## TASK ITEM
Without any pictures, restate the full set of records below exactly.

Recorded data
##############################

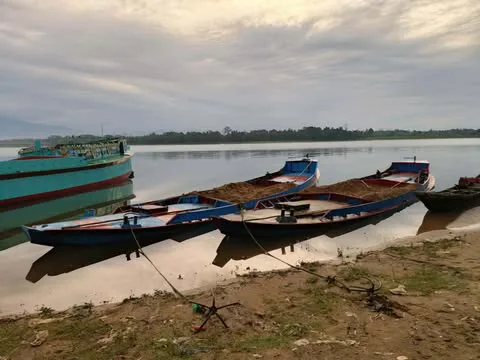 যাদুকাটায় নদীর তীর কেটে বালু লুট ৮ জনের বিরুদ্ধে মামলা, বালু ভর্তি ট্রলার জব্দ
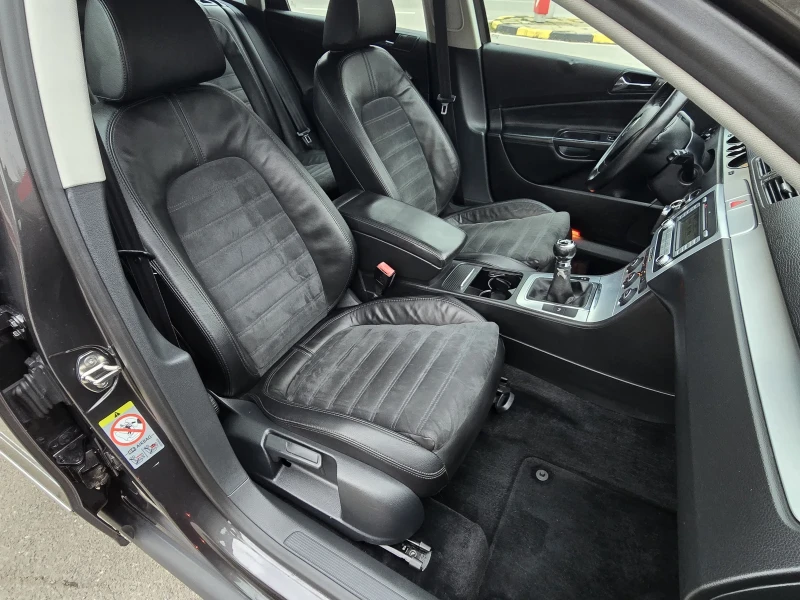 VW Passat 1.9 Топ състояние 2009 година 100% Реални килом , снимка 13 - Автомобили и джипове - 52697757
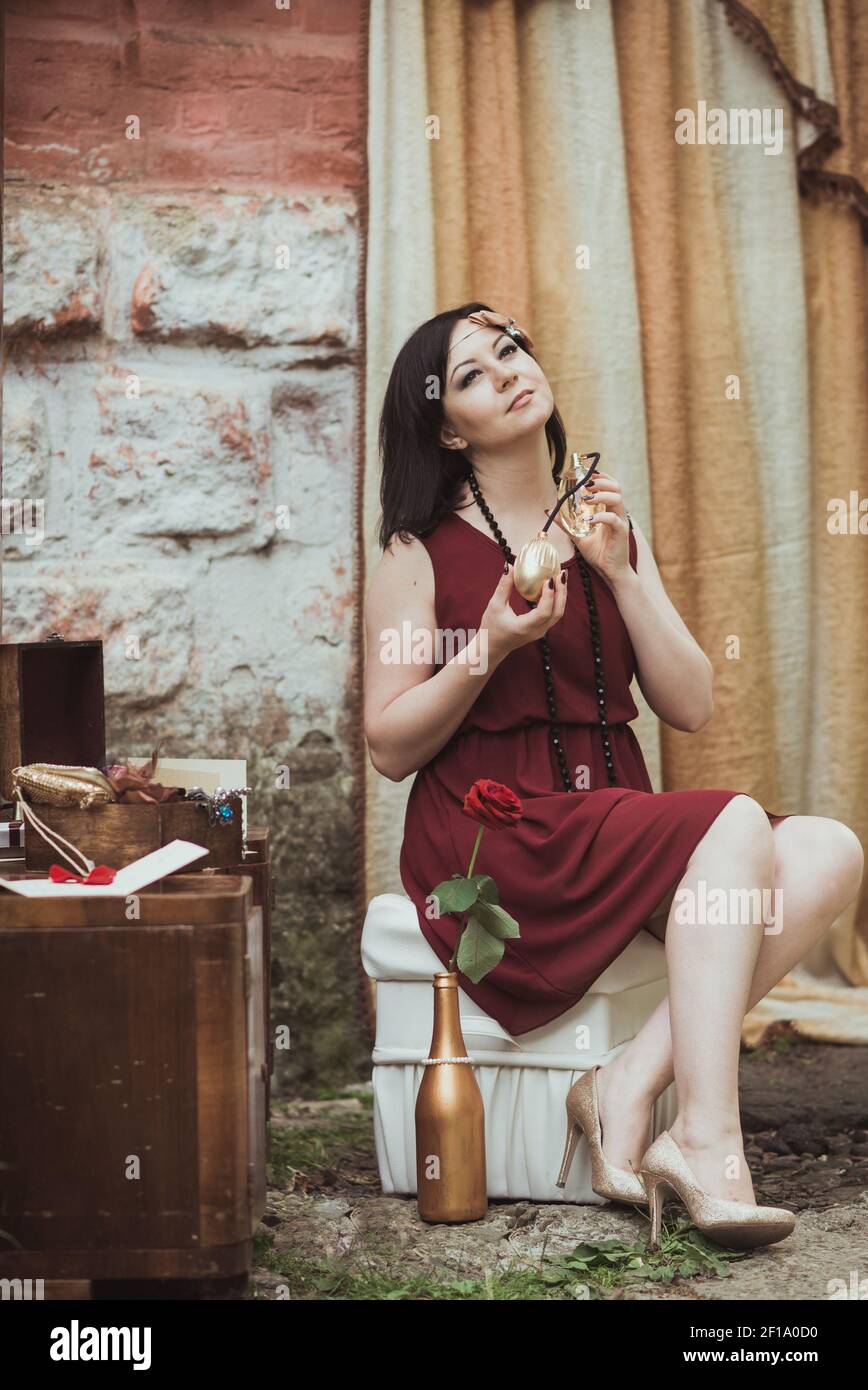 Chica retro sentada en una mesa de vestir Fotografía de stock - Alamy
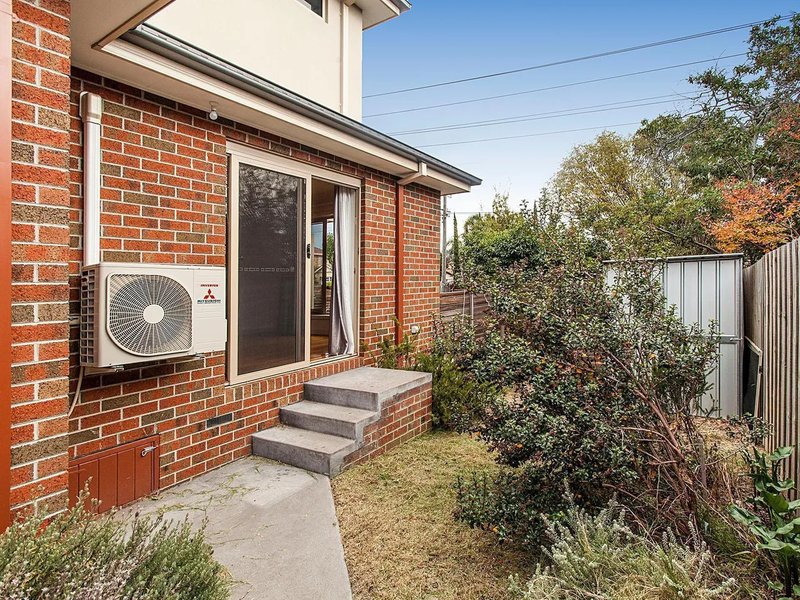 Photo - 1/277 Warrigal Road, Burwood VIC 3125 - Image 7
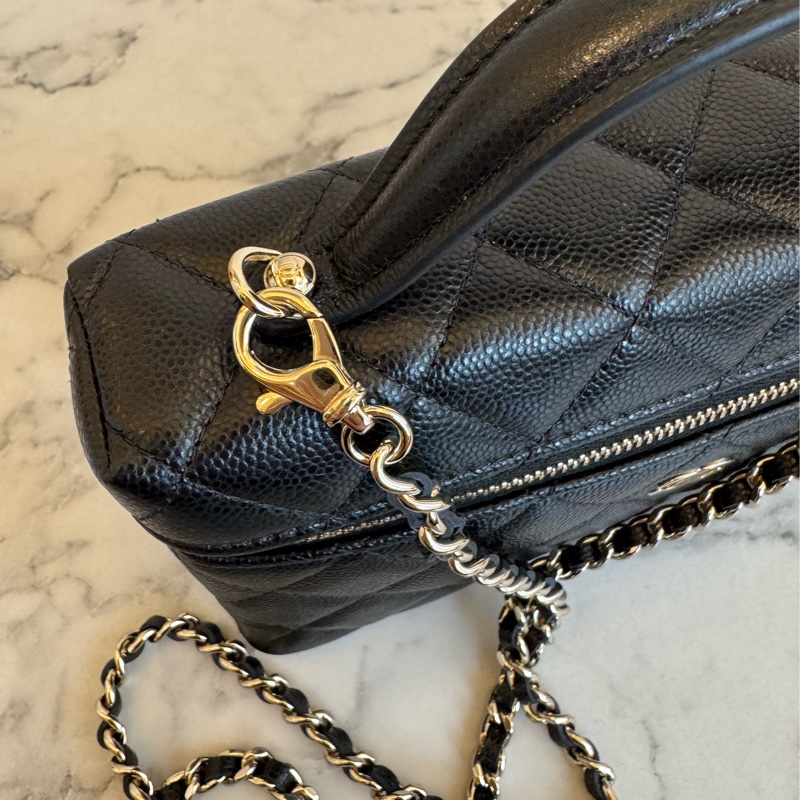 chanel黑荔枝金雙C飯盒手提兩用包-12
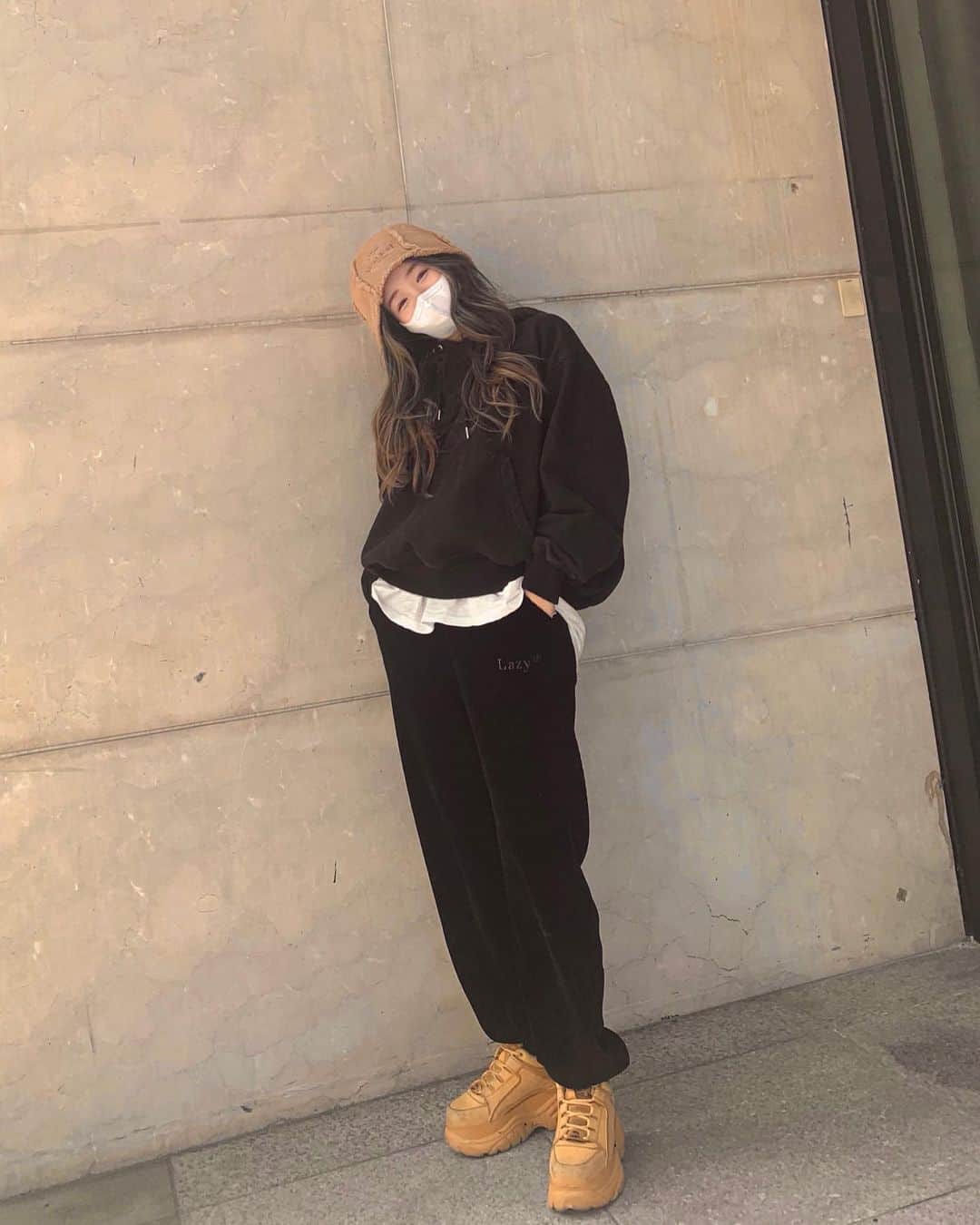 ジユルのインスタグラム：「처지는 요즘💤 너무 편해서 뒤로 누울 뻔 하다 착지  #Lazyz @lazy.z_official」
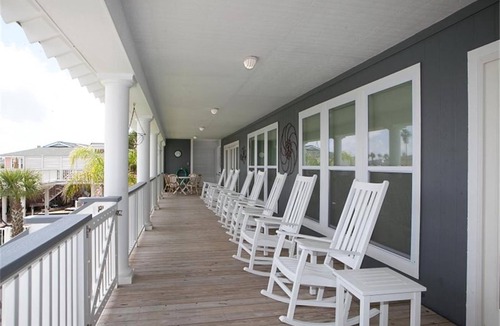 Jamaica Beach House | Handicap Accessible Home w 7 Bathrooms & a Pool - Perfect for Family Gatherings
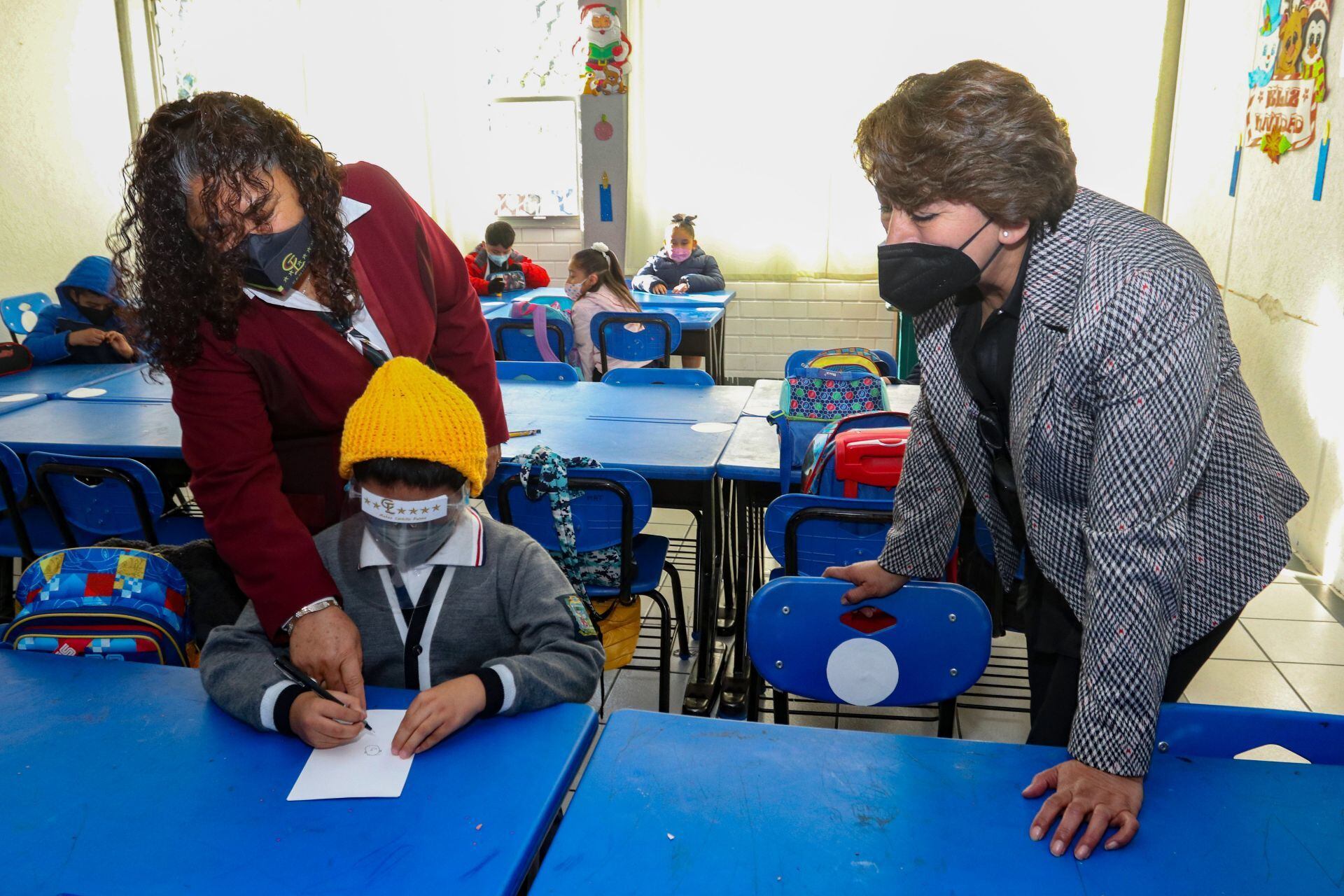 Maestra y la secretaria Delfina Gómez en el regreso a clases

##############################

## RESPONSE BOX
 যাদুকাটায় নদীর তীর কেটে বালু লুট ৮ জনের বিরুদ্ধে মামলা, বালু ভর্তি ট্রলার জব্দ
 VW Passat 1.9 Топ състояние 2009 година 100% Реални килом , снимка 13 - Автомобили и джипове - 52697757
 Chica retro sentada en una mesa de vestir Fotografía de stock - Alamy
 Photo - 1/277 Warrigal Road, Burwood VIC 3125 - Image 7
 chanel黑荔枝金雙C飯盒手提兩用包-12
 ジユルのインスタグラム：「처지는 요즘💤 너무 편해서 뒤로 누울 뻔 하다 착지  #Lazyz @lazy.z_official」
 Jamaica Beach House | Handicap Accessible Home w 7 Bathrooms & a Pool - Perfect for Family Gatherings
 Maestra y la secretaria Delfina Gómez en el regreso a clases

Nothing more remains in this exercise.